# LED mood Lighting



## Fireguy50 (Nov 23, 2015)

Here is the Red LED lighting I've added to the back of the vehicle.
You can get any color, and color changing, even IR, but I prefer red because it's best for night vision.
https://en.m.wikipedia.org/wiki/Accelerating_dark_adaptation_in_humans#Red_Lights_and_Lenses









Behind the sunroof the head liner has an upward slant that is perfect for a light bar.

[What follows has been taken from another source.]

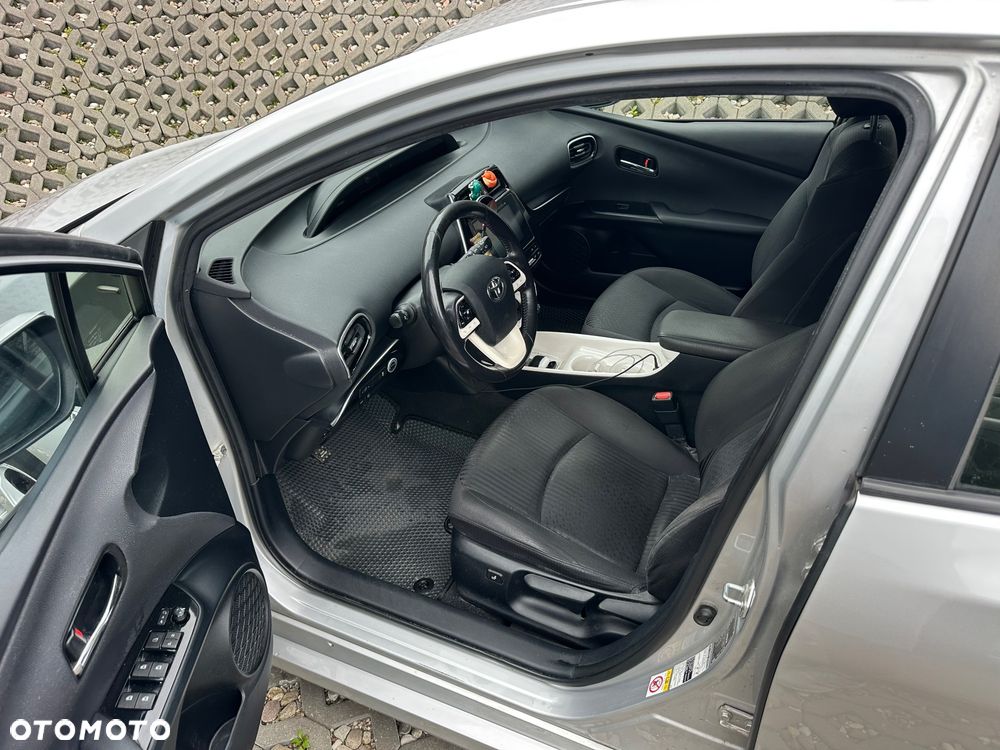 Toyota Prius 1.8 Hybrid Premium - 14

Got the track to hold the LED tape on Amazon 3.3ft/1m Aluminum U-Shape Channel for LED Strip Lights w/ Arc-Shape White Cover U05 https://www.amazon.com/dp/B00M92IDZ6/?tag=ubne0c-20










I already had a 15ft spool of Red LEDs from other projects that I stuck into the track and ran the wires down
https://www.amazon.com/dp/B00EKEODA0/?tag=ubne0c-20
*Infrared available Too!*









Switches on the center console below the shifter next to my leg. Also from Amazon
https://www.amazon.com/dp/B00I5G7PY0/?tag=ubne0c-20


----------



## Fireguy50 (Nov 23, 2015)

This project made the drunks feel special (party light), and lets my cheaper dash camera record everything in the back seat!


----------



## steveK2016 (Jul 31, 2016)

That's a bit bright and evident from outside. Wouldn't cops say something about this being red as it could be a distraction , similar to putting red or blue under a car depending on the color used by police?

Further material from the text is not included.